— Aim of the task —
Type out the listing below exactly. Pictures stay out of it.
Supplied material Block Start
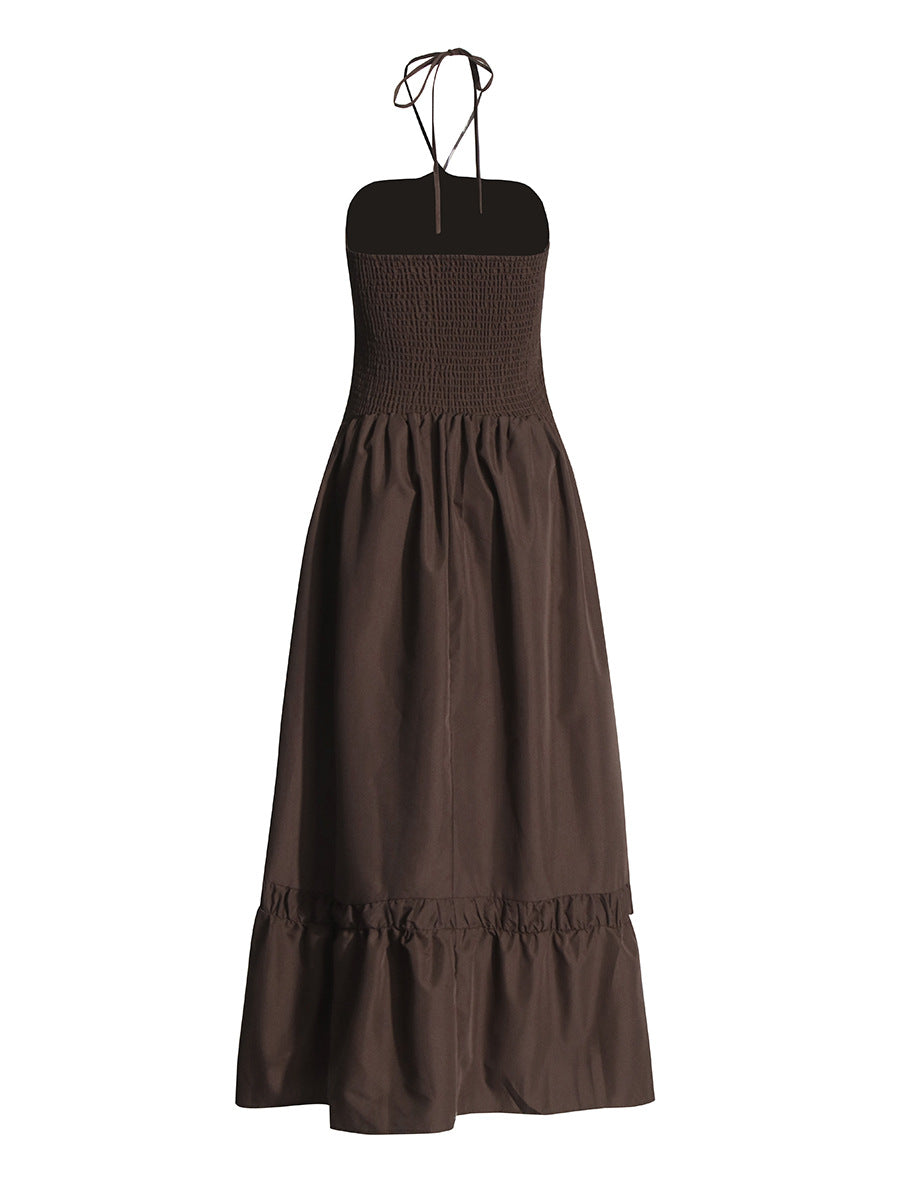 Temperament Gentle Wind 2025 Summer New Splicing Convex Flowers Decorated Hanging Neck Silk Dress Woman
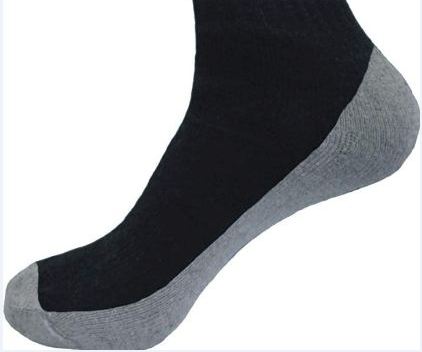 Men's Sports Cotton Crew Socks Everyday Work Performance Cushion (Black With Grey Cushion ) 12 Pairs, Size 13-15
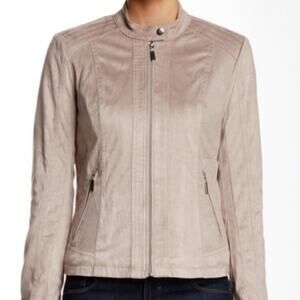 Sebby Faux Suede Jacket Tan Taupe Size Small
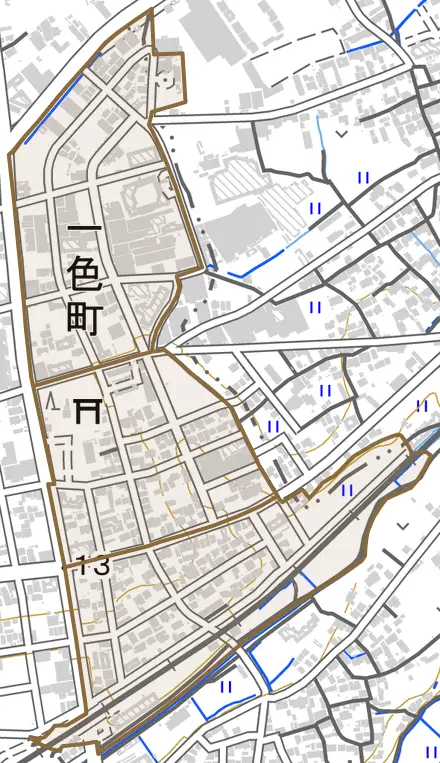 一色町とその周辺の地図。町の範囲を重ねている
Supplied material Block End
— Written solution —
 Temperament Gentle Wind 2025 Summer New Splicing Convex Flowers Decorated Hanging Neck Silk Dress Woman
 Men's Sports Cotton Crew Socks Everyday Work Performance Cushion (Black With Grey Cushion ) 12 Pairs, Size 13-15
 Sebby Faux Suede Jacket Tan Taupe Size Small
 一色町とその周辺の地図。町の範囲を重ねている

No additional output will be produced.